Robot knocks to enter
Spanish researchers have developed an autonomous, intelligent robot that can find its way around a new building, identify doors and ask permission to enter.
The Autonomous Robotics and Systems research team from the University of the Basque Country (UPV/EHU), led by Basilio Sierra, has enabled the robot (which is called Tartalo) to navigate indoors where GPS navigation does not work.
The 1.5-metre tall, intelligent machine side-steps any obstacle in its path, using sonar, infrared lasers. The laser measures the distance of the robot from any object in a 180-degree radius in front of it.

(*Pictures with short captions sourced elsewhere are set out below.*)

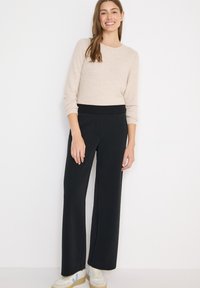 Femme souriante aux longs cheveux bruns, portant un pull beige, un pantalon large noir et des baskets blanches, sur un fond blanc uni.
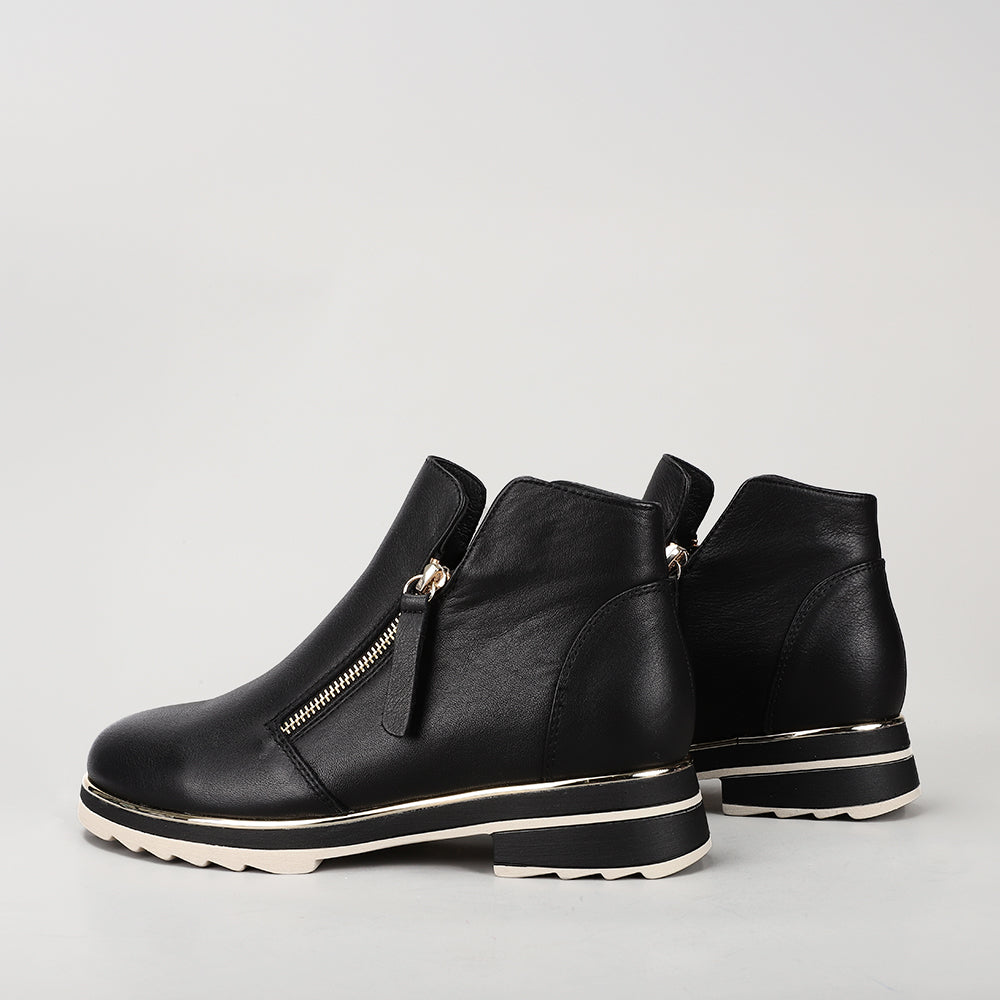 Black LE SANSA BASEL boots by Le Sansa with sleek leather design and low heel, perfect for stylish everyday wear.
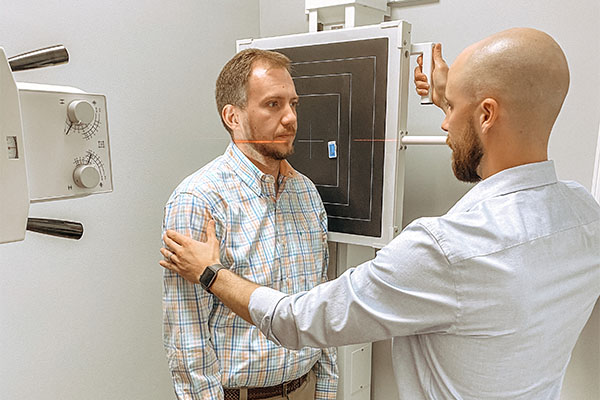 Chiropractor Frederick MD Adam Smith Taking X-ray Chiropractor Frederick MD Adam Smith Taking X-ray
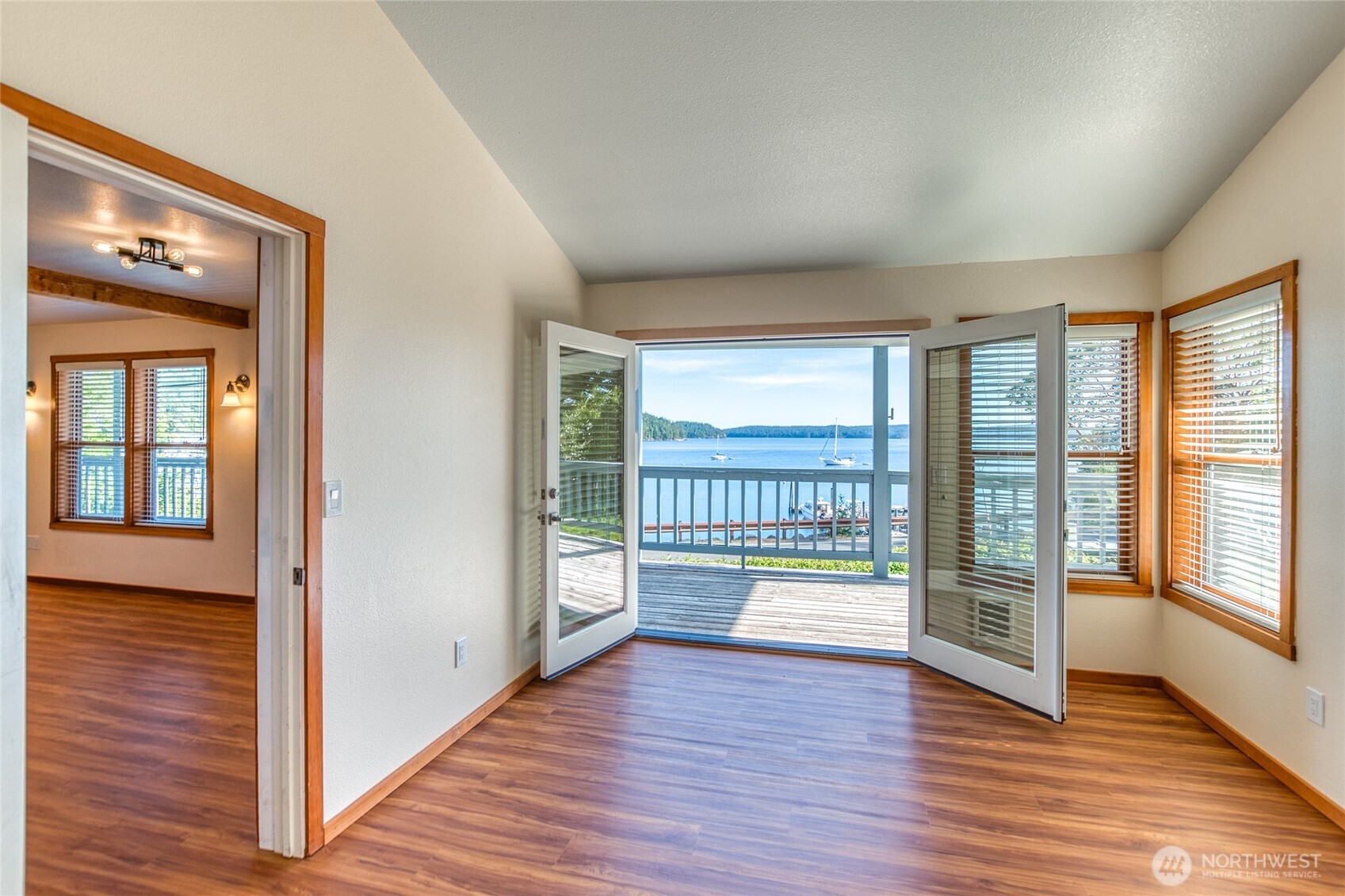 942 Deer Harbor Road Orcas Island, WA 98245 - Photo 12 of 40 a view of an empty room with wooden floor and a window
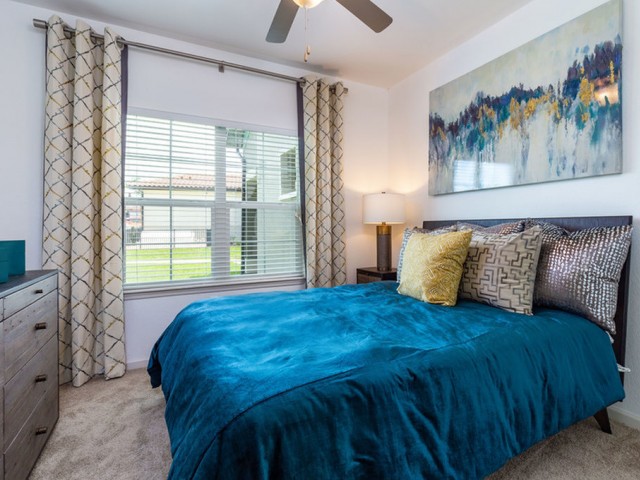 Treviso Grand Apartments - North Venice, Florida bedroom with ceiling fan and carpet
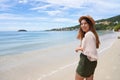 Portrait of cheerful stylish traveler woman on Jurere beach, Florianopolis, Santa Catarina Island, Brazil. Copy space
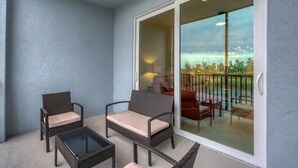Un balcon agrémenté de meubles en osier, une porte vitrée donnant sur un espace extérieur aménagé avec vue sur le paysage.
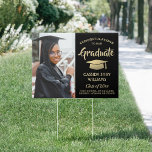 Photo Congratulations Black & Gold Graduation Yard Garden Sign<br><div class="desc">Add a personalized touch to college or high school graduation party decorations with this custom photo black and gold yard sign. Simply place in lawn to welcome guests. Design features a gold foil look mortar board, stylish modern typography, handwritten style script calligraphy, and a picture of the graduate, such as...</div>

The biomimetic algorithms mean Tartalo gains information on a new building by exploring and taking in points of reference. As this would normally require huge amounts of data, this has been simplified by programming Tartalo to recognise common structures: room, corridor, front hall and junction. After learning the position of all of these, the machine creates a topological map that the operator can then give specific labels to.
To distinguish between different objects, Tartalo, a single eye-camera, compares them with its database and then evaluates probabilities to decide what the image that it has ahead looks like. The robot knows, for example, that if the space is long and narrow, it is a corridor.
Tartalo can negotiate open doorways, but has not yet been fitted with an opening mechanism. When it encounters a closed doorway, it has been taught to knock two or three times with its feet.
The team now hopes to teach Tartalo to distinguish between many other things, such as faces, voices or any object that it is asked to fetch, in collaboration with researchers from other departments in the university.